Supplied information:
════

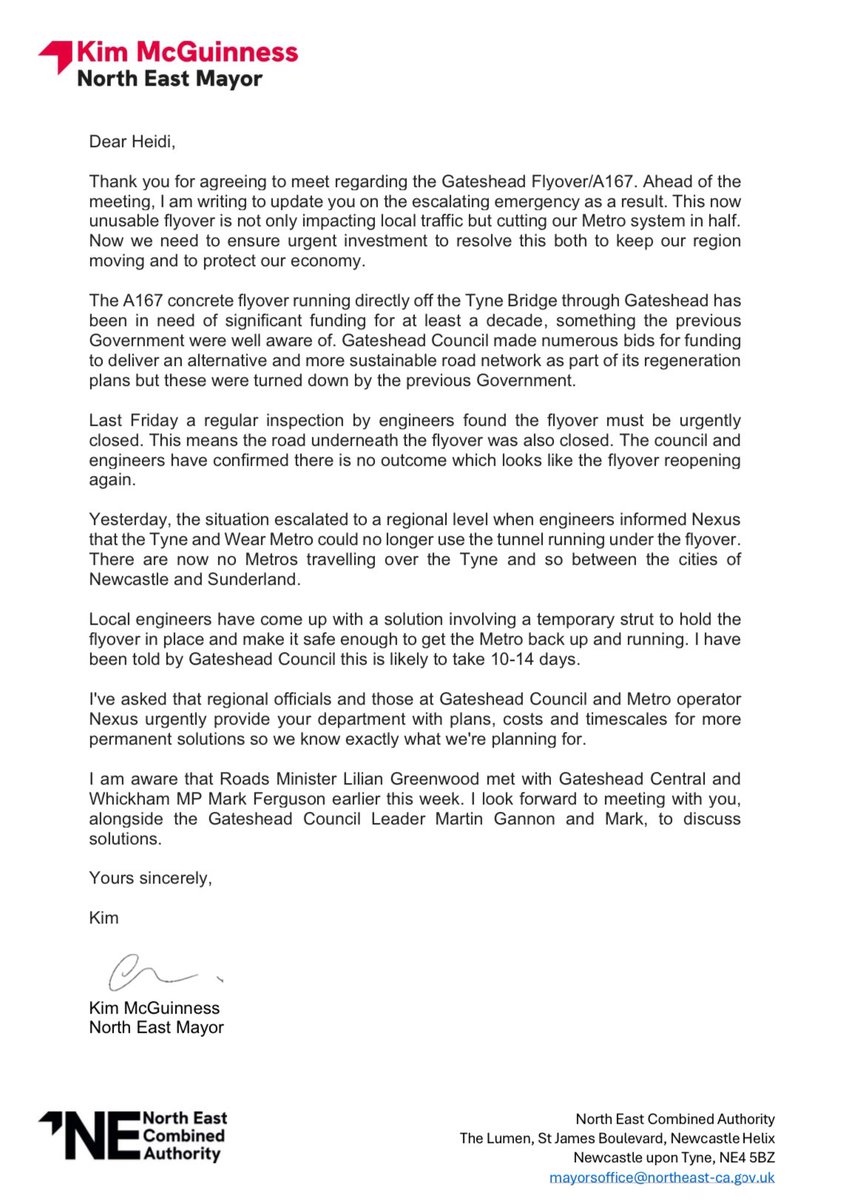 I’m pleased the Transport Secretary <a href="/Heidi_Labour/">Heidi Alexander MP</a> has agreed to my request for an urgent meeting to find a permanent solution for the Gateshead Flyover.

Myself, <a href="/MarkFergusonMP/">Mark Ferguson</a> and <a href="/MartinGannon002/">Martin Gannon</a> will meet with her Monday. 

Here’s the letter I’ve sent ahead of that meeting 👇🏼
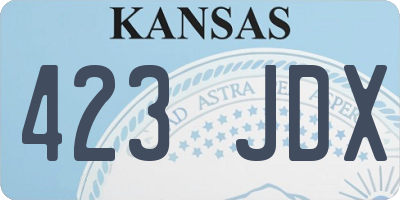 KS license plate 423JDX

════

Work to complete: Go to the line containing "Here’s the letter", then write out word for word every line from there to the end of the listing. Keep both end lines and drop the pictures.

Written solution:
Here’s the letter I’ve sent ahead of that meeting 👇🏼
 KS license plate 423JDX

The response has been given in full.